[Records provided]
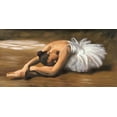 thumbnail image 2 of Bassetti, Andrea 24x14 White Modern Wood Framed Museum Art Print Titled - Danseuse, 2 of 4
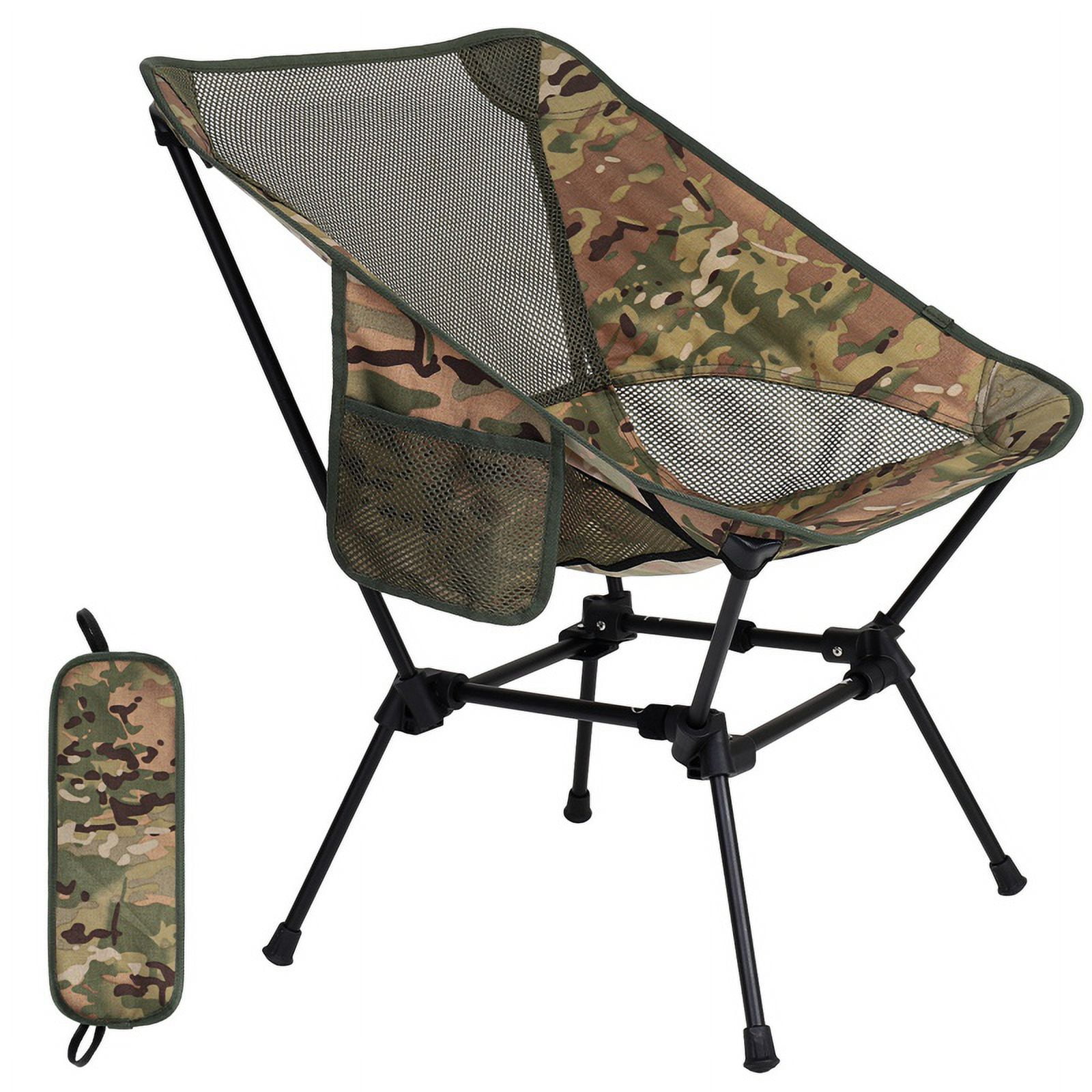 HEQUSIGNS Portable Camping Chair, Compact Backpacking Chair Folding
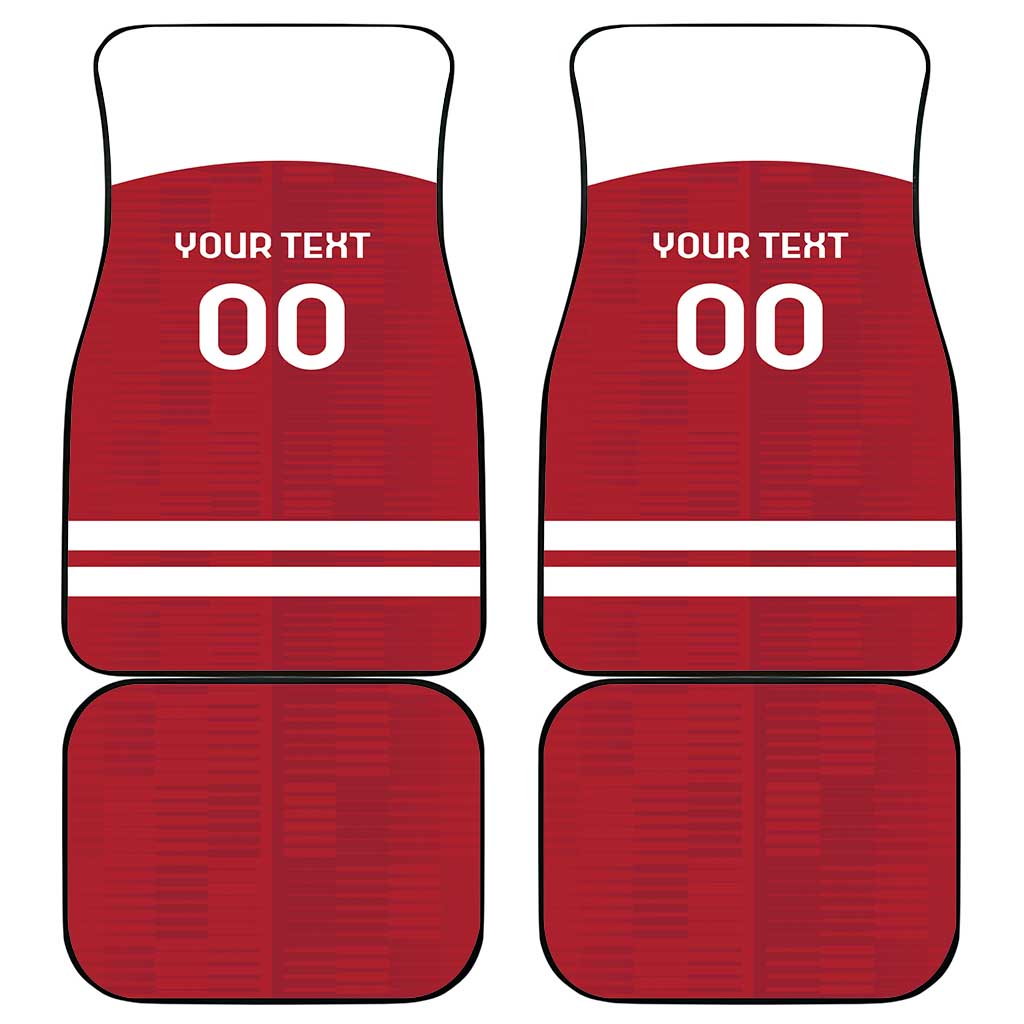 Custom Denmark Hockey Car Mats Danish Lions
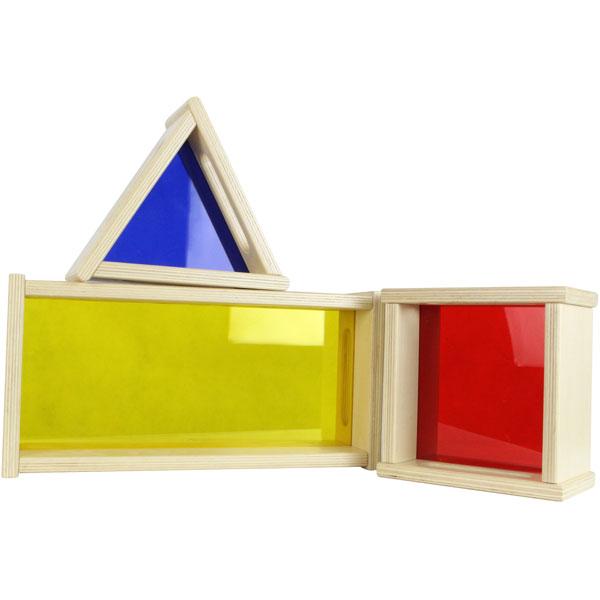 Translucent Colour Tray Blocks 3 Piece
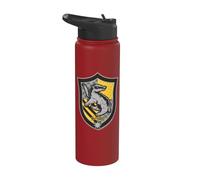 Harry Potter Hufflepuff Shield Crest Stainless Steel Insulated Water Bottle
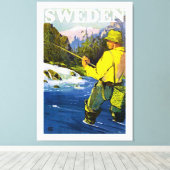 スウェーデン キャンバスプリント (インサイチュ (ウッドフロア))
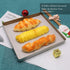 Nonstick Square Baking Pan - 11x11 Inch Carbon Steel Cake Sheet for Oven Baking - Gold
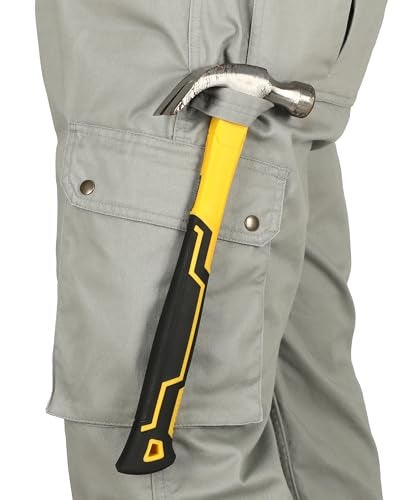 BOCOMAL FR Pants for Men Cargo Flame Resistant Pants(2112&CAT2) 100% C 7.5oz Utility Fire Resistant Pants Grey - Image 5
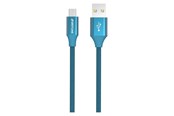 USB - GreyLime Braided USB-A to Micro USB Cable Blue 1 m - C21AM1M01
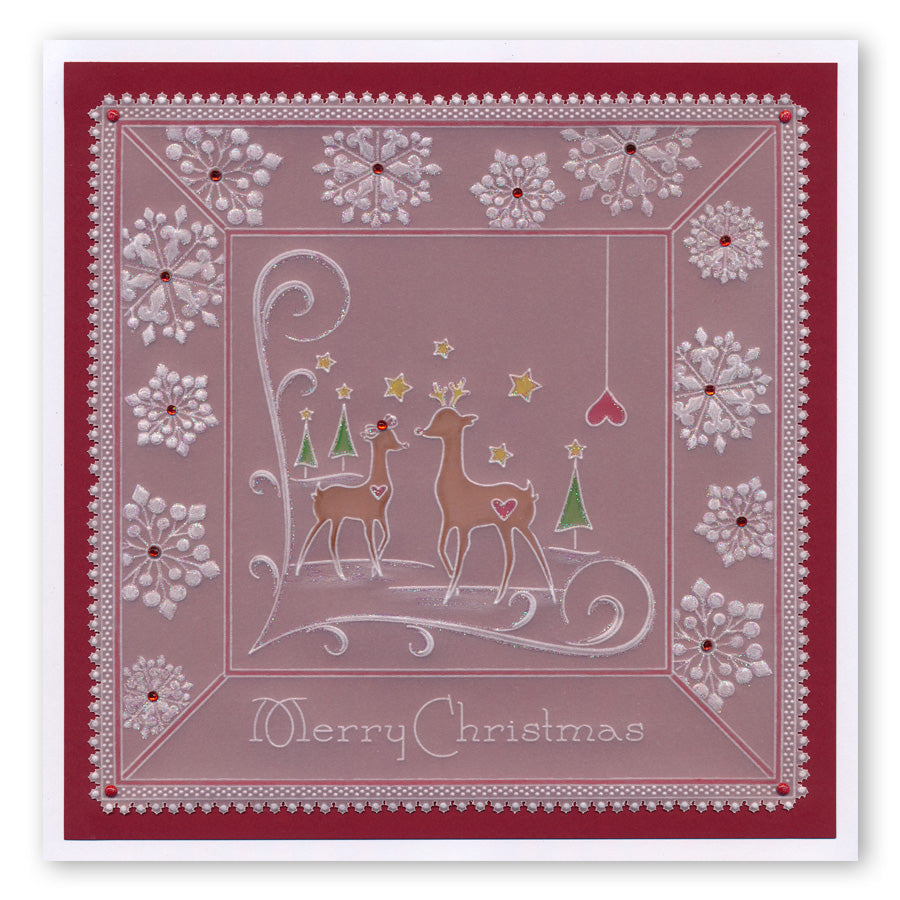 Tina's Christmas Corners 4 A4 Square Groovi Plate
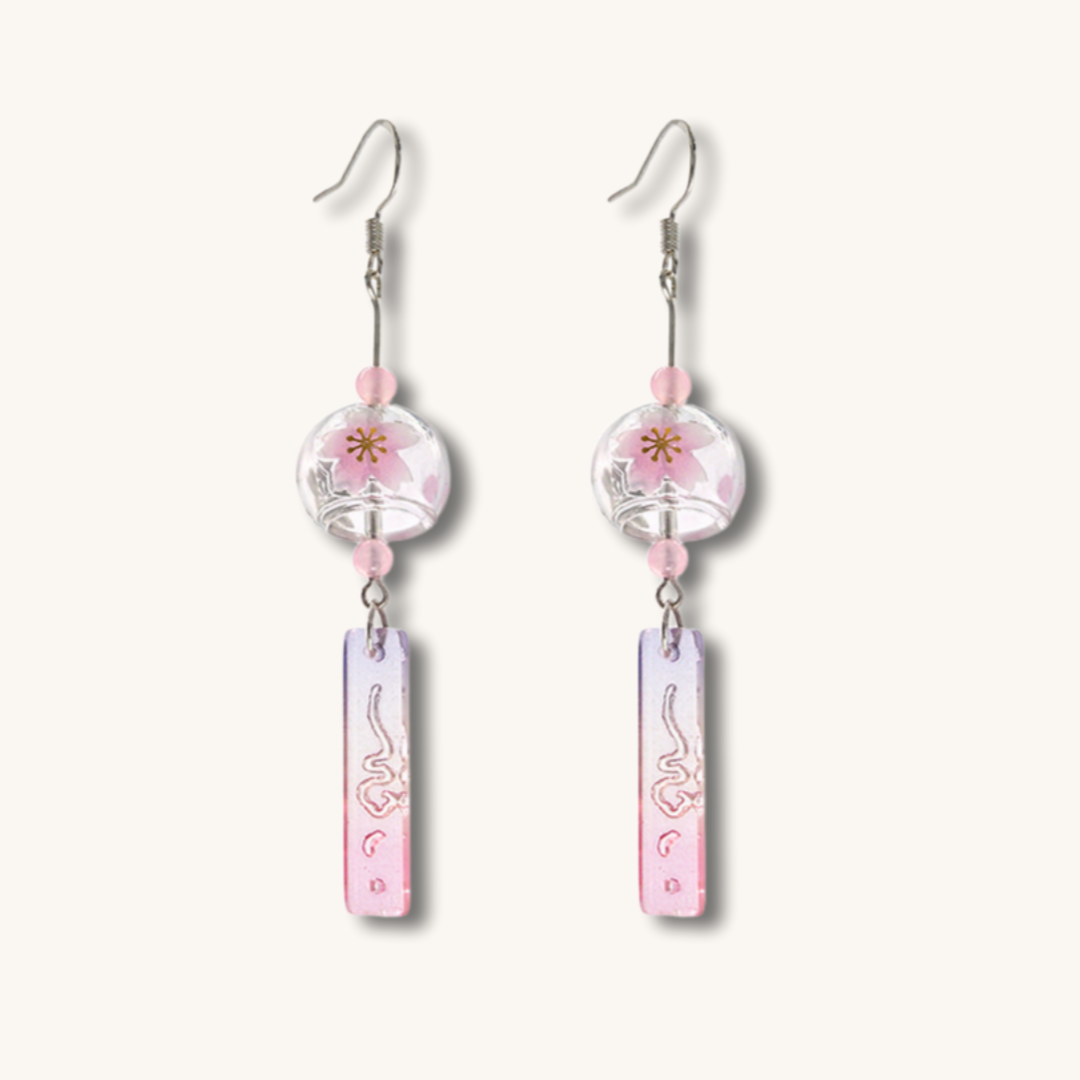 Furin Sakura Drop Earrings
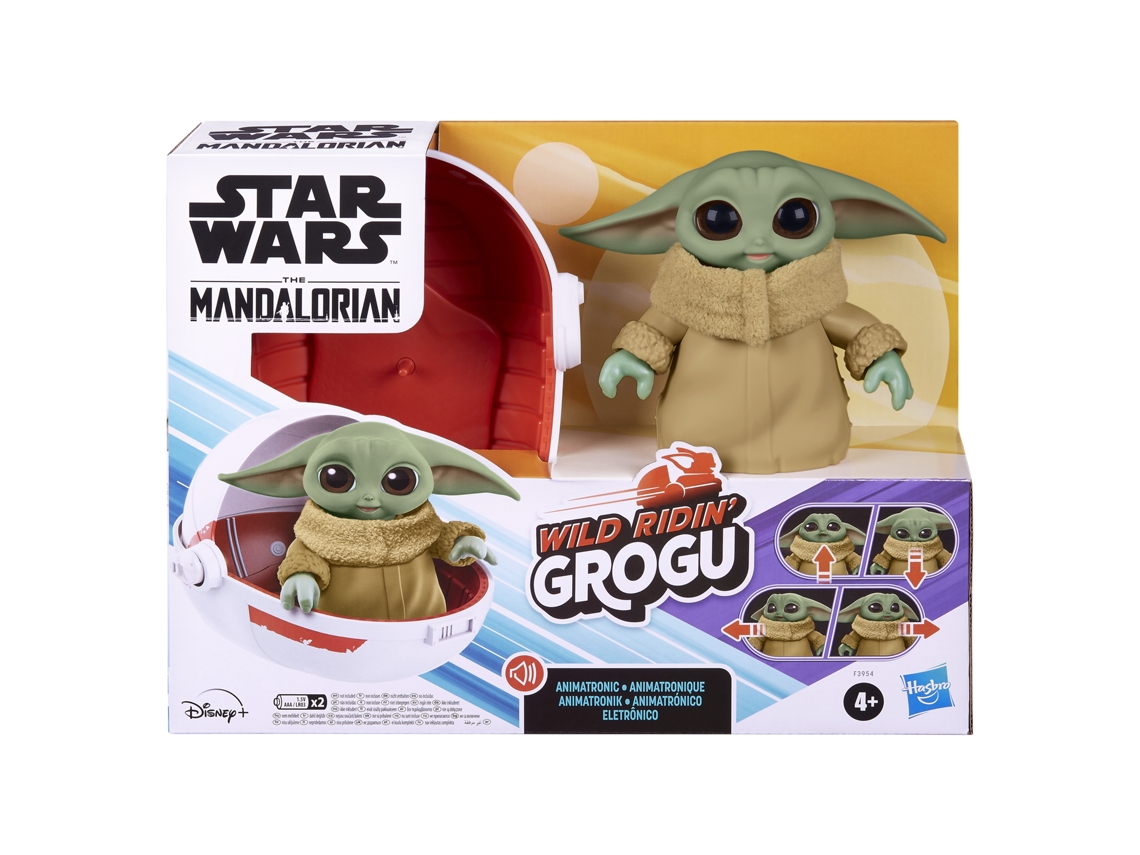 STAR WARS Wild Ridin' Grogu Figura STAR WARS 4 Años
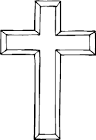 Christmas Cross Coloring Pages, Xmas Jesus Cross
[/Records provided]
Your objective - Repeat, exactly and with no pictures, each line from the line that holds "スウェーデン キャンバスプリント (インサイチュ (ウッドフロア))" through the last line of the records above.

Answer below -
 スウェーデン キャンバスプリント (インサイチュ (ウッドフロア))
 Nonstick Square Baking Pan - 11x11 Inch Carbon Steel Cake Sheet for Oven Baking - Gold
 BOCOMAL FR Pants for Men Cargo Flame Resistant Pants(2112&CAT2) 100% C 7.5oz Utility Fire Resistant Pants Grey - Image 5
 USB - GreyLime Braided USB-A to Micro USB Cable Blue 1 m - C21AM1M01
 Tina's Christmas Corners 4 A4 Square Groovi Plate
 Furin Sakura Drop Earrings
 STAR WARS Wild Ridin' Grogu Figura STAR WARS 4 Años
 Christmas Cross Coloring Pages, Xmas Jesus Cross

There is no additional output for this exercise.